Creativity is basically an instinctive drive for perfection, and it is in every living plant and animal. It is that constant need, conscious or unconscious, throughout the eons of time to change form, to adapt, or to change course and strive for improvement. It is called evolution. Evolution is a creative, God-given process, and creativity requires thought.
SOURCE (or God, or what or whoever you resonate with) created the process of evolution as the main physical law of the cosmos. SOURCE did not create energy and its many forces of light—SOURCE is Light. SOURCE did not create life—SOURCE is Life. He just extended his Energy and his Life into what was to become the heaven and the earth, and with the power of his thought, through the laws of evolution, he said, “Let there be…and there was…and let it bring forth…and it brought forth.”
Every living plant and creature has in it that mysterious instinct to survive and to recreate itself into perfection. What makes a certain plant, over the millennia, decide that it will start eating the bug that lands on it? What makes a cute little succulent decide that it is going to grow round, lay low and resemble a pebble in the sand? What makes an insect, over the course of time, change to look like a dry twig on a tree, or like a leaf fluttering in the breeze? For that matter, why does the dandelion in the lawn hug the ground so the lawnmower blades can’t reach it while the one in the flowerbed strives to reach the sky? Behind all of creation, and all that exists, there is thought.
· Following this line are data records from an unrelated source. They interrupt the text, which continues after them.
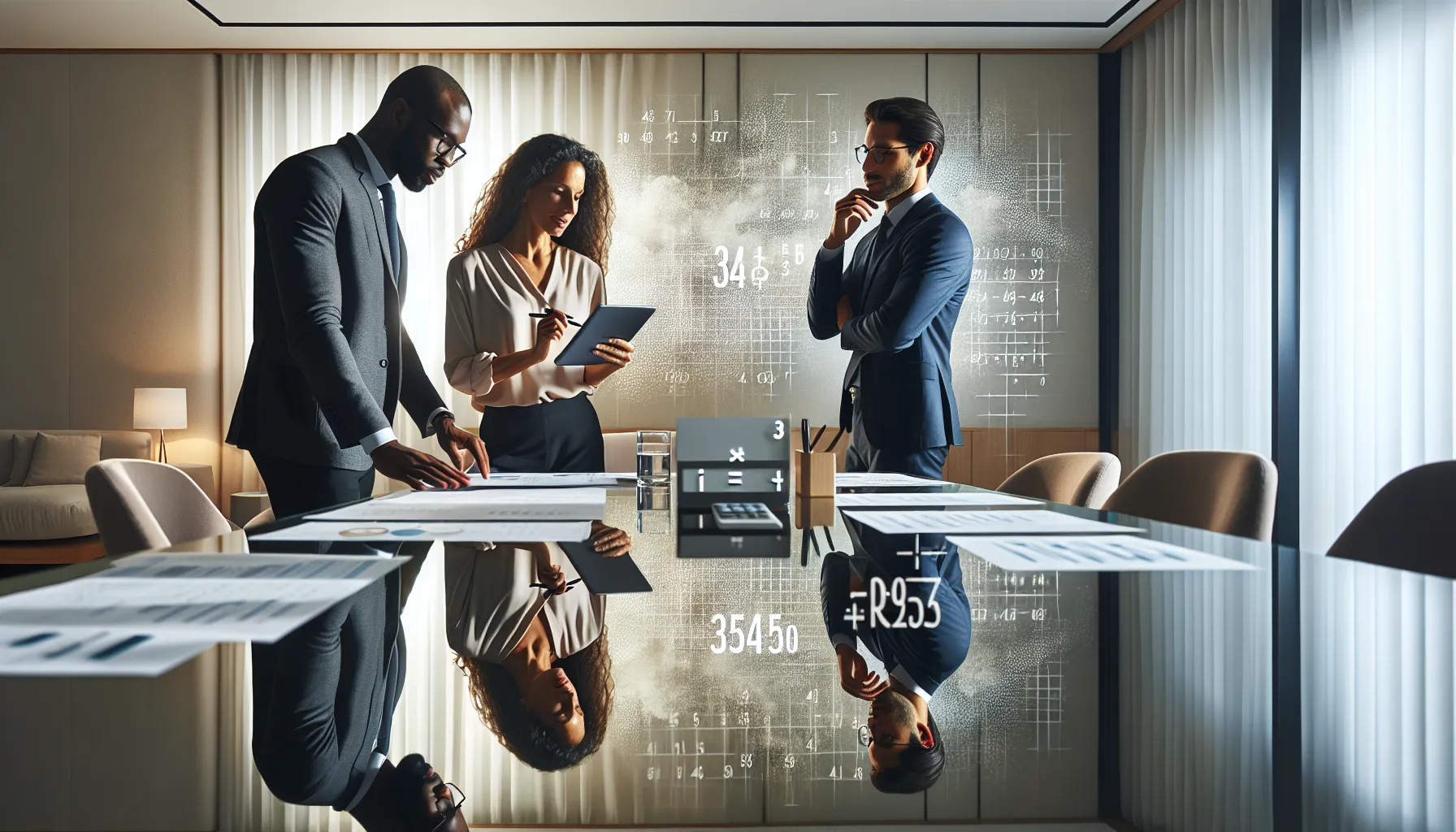 diverse professionals discussing financial calculations in an office.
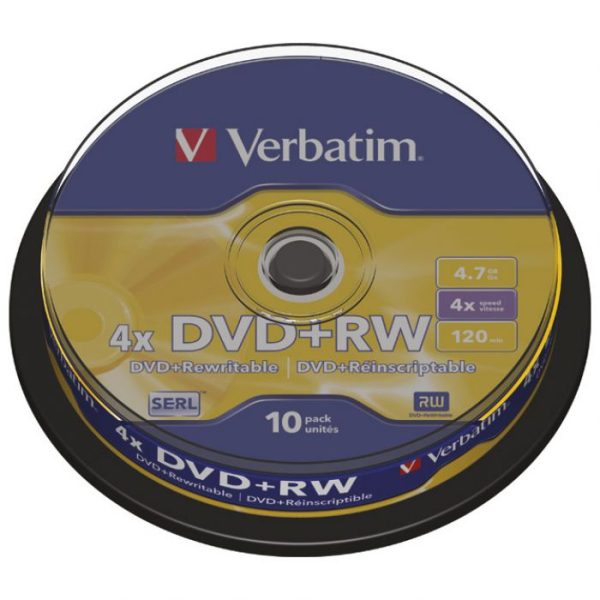 DVD PLUS RW 4,7/120 4X SPINDL MAT SILVER PK10 VERBATIM 43488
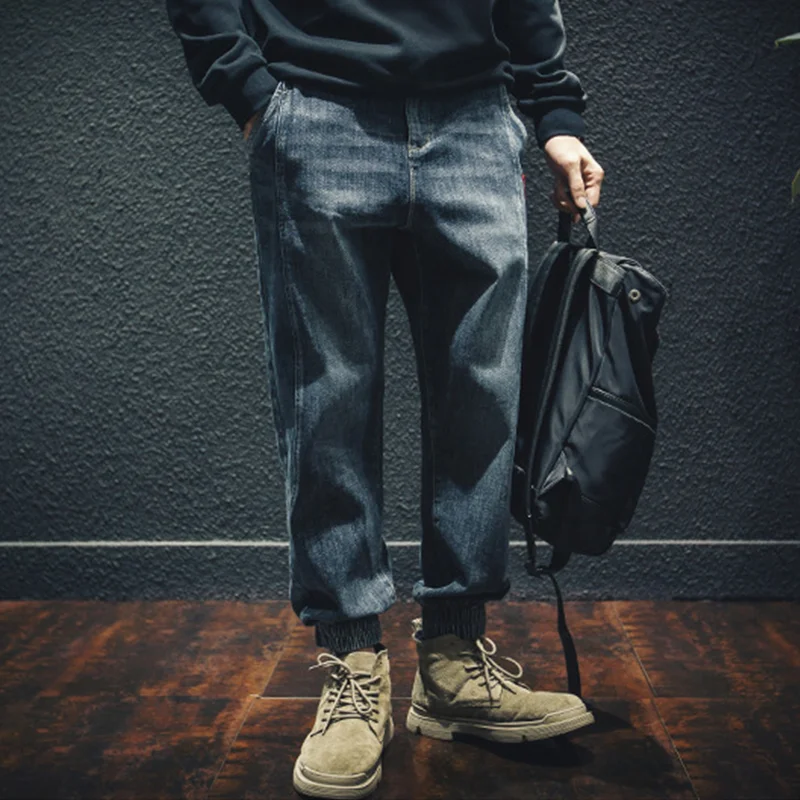 Men Clothing Straight Loose Cylinder Jeans Vintage Elastic Force Comfortable Bluish Grey Harun Trousers Female Autumn and Winter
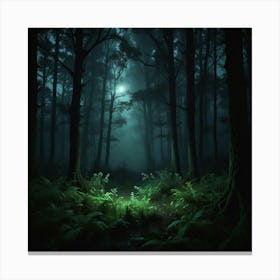 Dark Forest At Night 3 Canvas Print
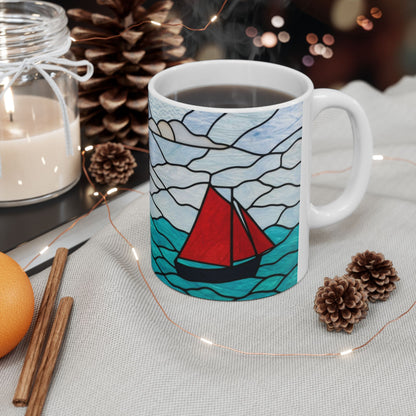 Sailing Stained Glass Ceramic Mug – Ocean Waves & Red Sail (11oz)
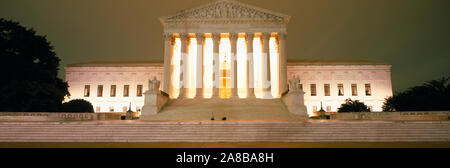 Supreme Court Building illuminated at night, Washington DC, USA Stock Photo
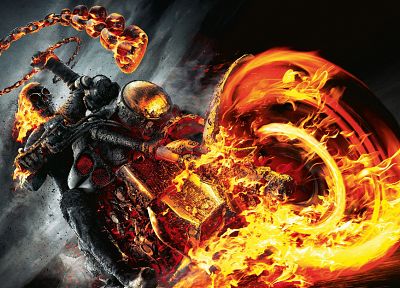 черепа, кино, огонь, Ghost Rider, легенда, скелеты, мотоциклы, сжигать - обои на рабочий стол
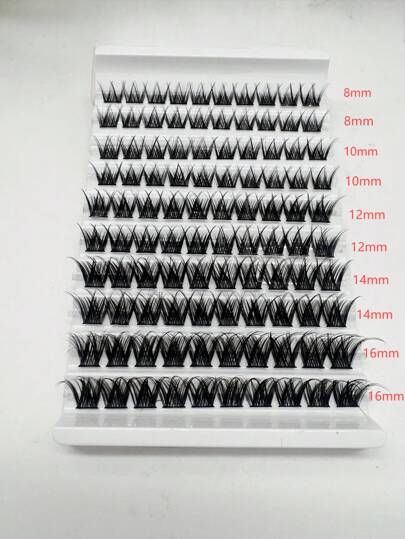 1box 100cluster Brown Cluster Eyelashes D Curl Grafting Individual Volume Lashes Extension Makeup Tool For Natural And Dramatic Look Fake Eyelashes DIY At Homelash Clusters,Eyelash Clusters,Individual Eyelashes,Lashes,Fake Lashes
Humans, and other animals, think through physical brains, and thinking is a vibration. When we think—and we think all of the time, day and night, because energy does not rest—our brains produce electrical impulses known as brain waves. These waves, in turn, produce cycles called alpha, beta, theta, and delta: from wide-awake, or outer consciousness, to a deep sleep.
While in the alpha state, we can become one with our inner self (spirit). Alpha is the state conducive to relaxation, peacefulness, gaining knowledge and wisdom, and especially for prayer and meditation. In other words, it promotes creative thought and that is the SOURCE in us.
Before I close on the subject of creativity, I would like to introduce an exercise that I learned many years ago. This exercise helped me realize just how powerful thought can be.
Choose a nice sunny day, but with a few fluffy white clouds in the sky.
Find a quiet, comfortable spot to sit or lie where you have a good view of the sky. Choose a cloud. It should be a large cloud that does not appear to be moving.
Now concentrate on that cloud. At that moment, it is your cloud; you become one with that cloud. Keep your eyes on it and concentrate!
Then with your eyes, slice it down the middle. Keep slicing – and stay calm.
As you slice with your eyes and your mind, the cloud will separate down the middle. It might take awhile on your first try, but eventually you will gain confidence. Then in a minute or two you can go around slicing clouds.
Try more! Pick another cloud and bore a hole in it – right through the middle. You can do it!
You can shape the cloud any way you wish. When you become really good at this exercise, choose a spot in the sky that has no clouds and in the clear blue emptiness envision a cloud. Keep your image strong and don’t let go of it. A cloud will begin to materialize. Then, picture in your mind that the cloud be gone. It will not move to the right or left; it will just evaporate.
What you are dealing with is only vapor and dust, but think of how far away it is in physical terms.
Thought has no boundaries. The mind knows no time or distance.